Exercise instructions: Below are some records. Repeat exactly the lines from the one containing "More Photos Of" through the final line.

[Input — start]

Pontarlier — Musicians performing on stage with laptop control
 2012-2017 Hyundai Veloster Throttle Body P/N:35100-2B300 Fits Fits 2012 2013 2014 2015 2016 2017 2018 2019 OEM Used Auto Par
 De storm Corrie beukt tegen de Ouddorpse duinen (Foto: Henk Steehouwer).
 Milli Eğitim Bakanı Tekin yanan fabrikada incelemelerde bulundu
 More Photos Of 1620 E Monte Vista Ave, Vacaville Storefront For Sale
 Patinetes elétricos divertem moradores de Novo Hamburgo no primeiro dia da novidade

[Input — finish]

Solution to this problem:
 More Photos Of 1620 E Monte Vista Ave, Vacaville Storefront For Sale
 Patinetes elétricos divertem moradores de Novo Hamburgo no primeiro dia da novidade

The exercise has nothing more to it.